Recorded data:
┌──

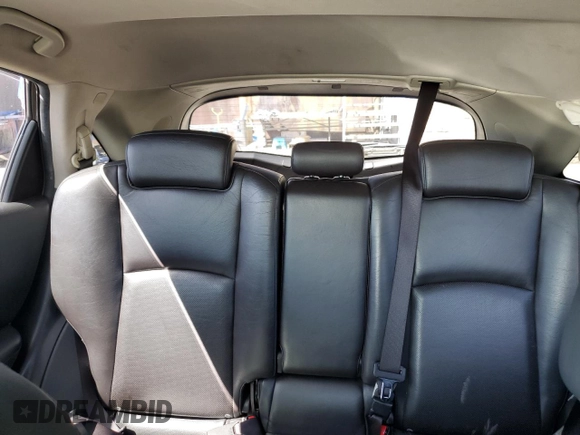 2008 Infiniti FX with VIN JNRAS08U08X101225, listed as a Copart auction lot 51863325 with 126,822 mi miles and Salvage title. Bid and sale history available at DreamBid. Image 10.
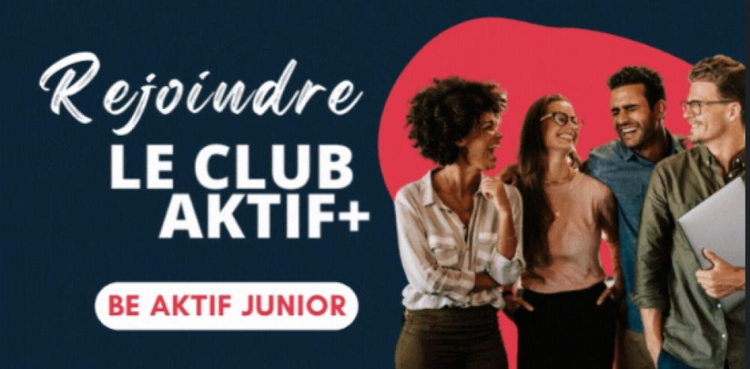 cover du contenu [BE AKTIF JUNIOR]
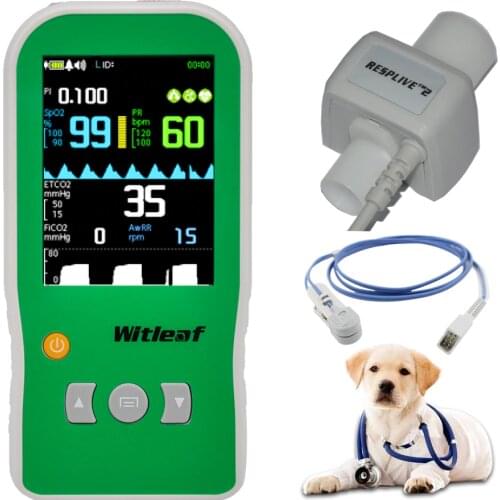 Pulse Oximeters WITLEOF China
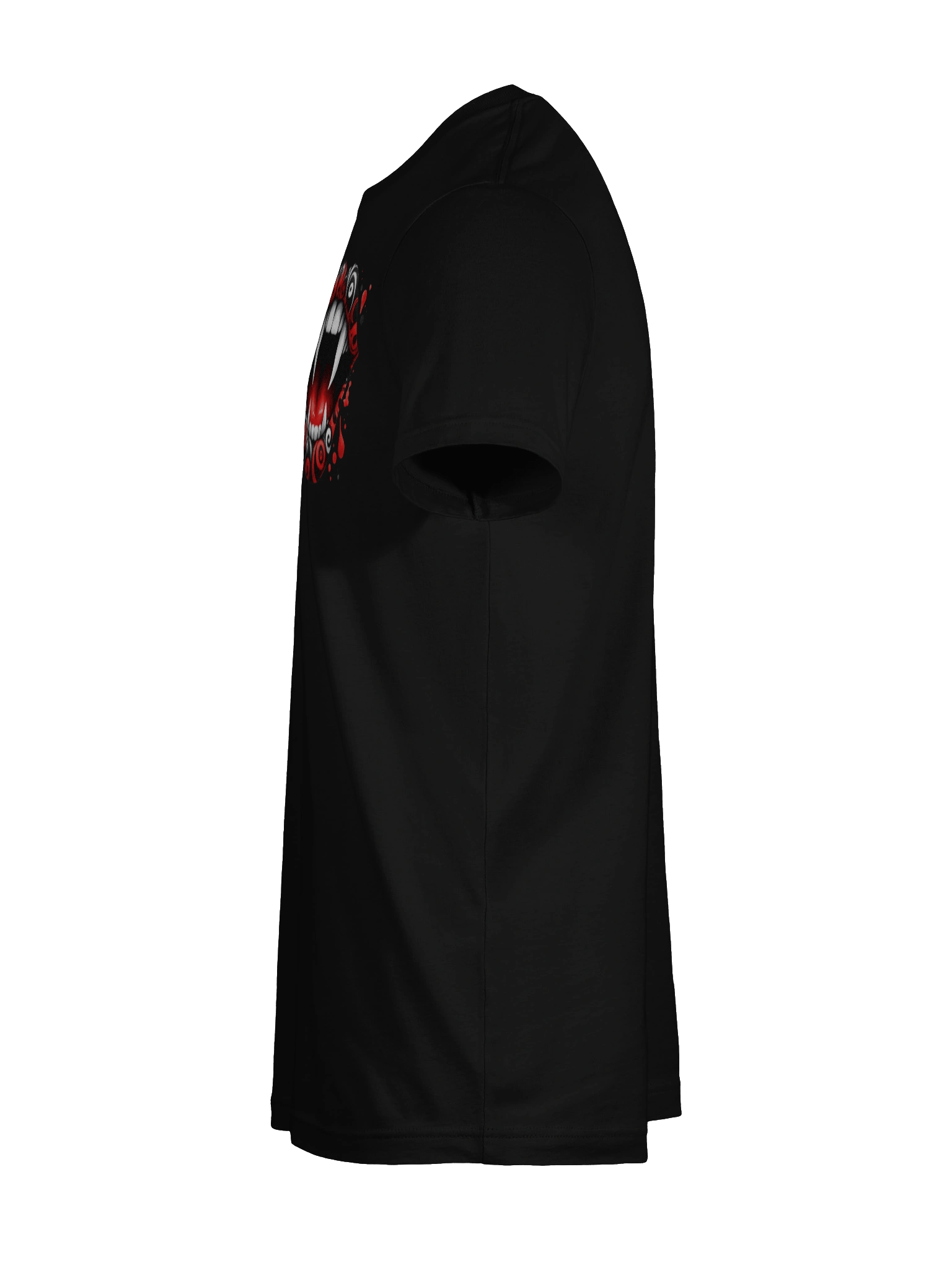 Vampire Lips Vibe T-Shirt product image (11)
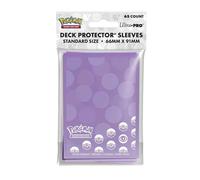 Pokemon Energy Deck Protector Sleeves - Lame Protettive PSYCHIC 65CT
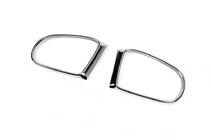 Mercedes ML W163 1997–2005 Spegelringar (2 st, plast) foto 2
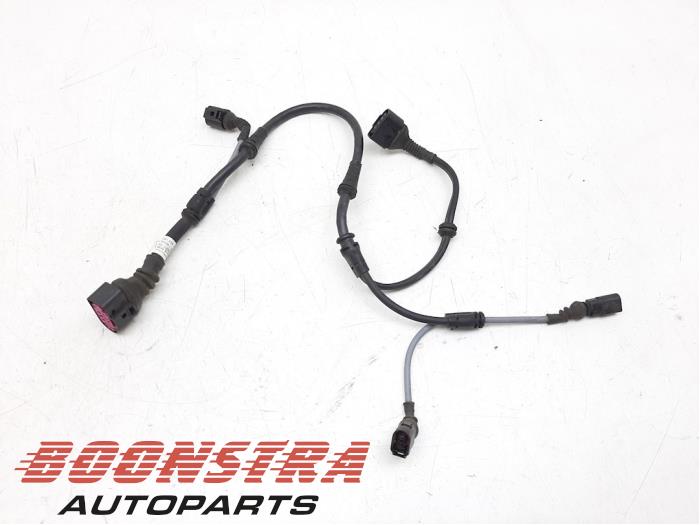Begagnade Kablage Porsche 911 (991) 3.8 24V Turbo S Pris € 39,00 Marginaltabell erbjuds av Boonstra Autoparts
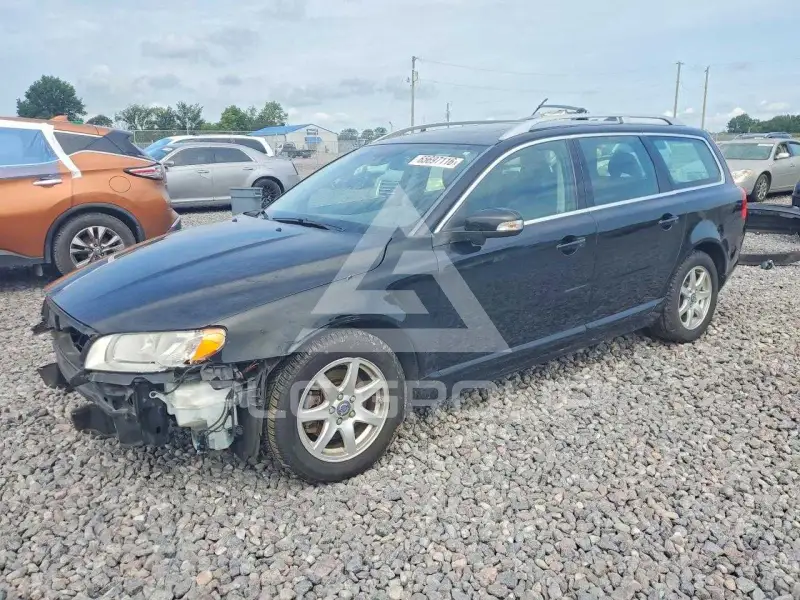 2010 Volvo V70 фото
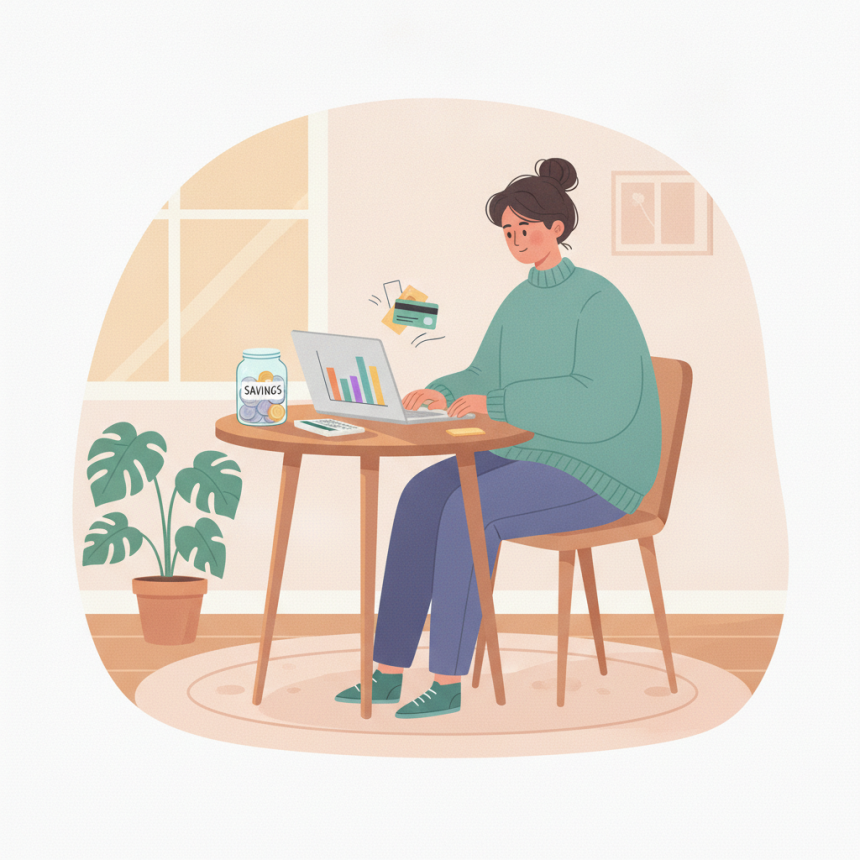 Saving Money on high Income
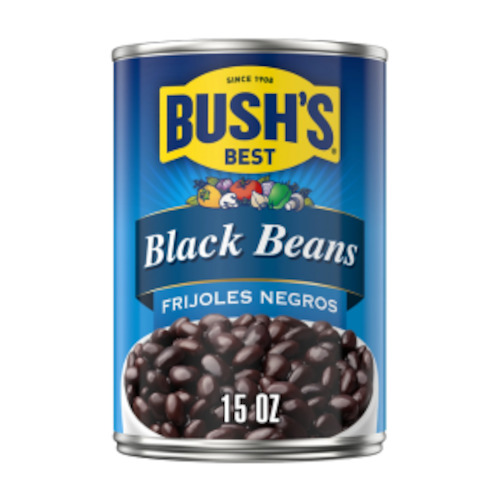 New Arrivals: Bush's Best Black Beans 15oz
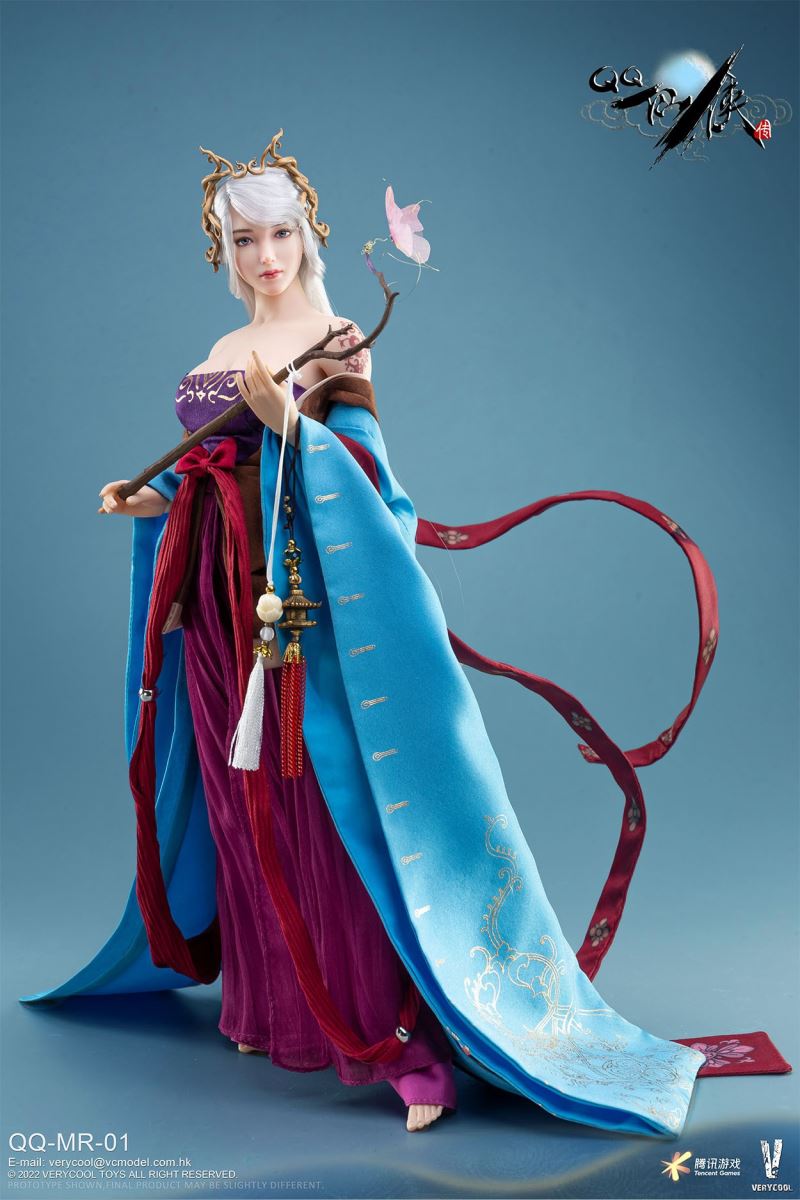QQ Xianxia Biography Series - Murong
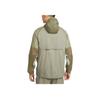 Nike Trail Aries Bequeme Stilvolle Minimalistische Vielseitige Einfarbige Jacke Herren Jacke Grün FN4003-320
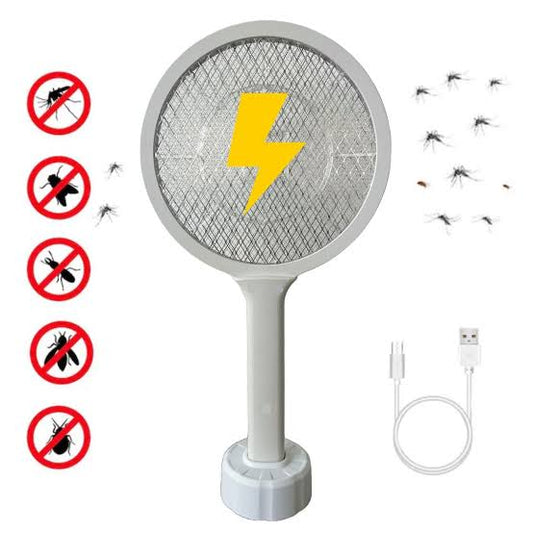 RAQUETA ELECTRICA MATA MOSQUITO 🦟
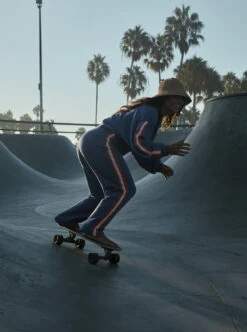 Roxy Bright Lights - Sweatshirt Für Frauen -Modereich Geschaft erjft04733 roxyl bmy0 frt3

└──

Copy exactly the lines from the line that contains "Pokemon Energy Deck" through the last line of the records above, both ends included, but leave out the pictures.

Answer to this problem:
 Pokemon Energy Deck Protector Sleeves - Lame Protettive PSYCHIC 65CT
 Mercedes ML W163 1997–2005 Spegelringar (2 st, plast) foto 2
Begagnade Kablage Porsche 911 (991) 3.8 24V Turbo S Pris € 39,00 Marginaltabell erbjuds av Boonstra Autoparts
 2010 Volvo V70 фото
 Saving Money on high Income
 New Arrivals: Bush's Best Black Beans 15oz
QQ Xianxia Biography Series - Murong
 Nike Trail Aries Bequeme Stilvolle Minimalistische Vielseitige Einfarbige Jacke Herren Jacke Grün FN4003-320
 RAQUETA ELECTRICA MATA MOSQUITO 🦟
 Roxy Bright Lights - Sweatshirt Für Frauen -Modereich Geschaft erjft04733 roxyl bmy0 frt3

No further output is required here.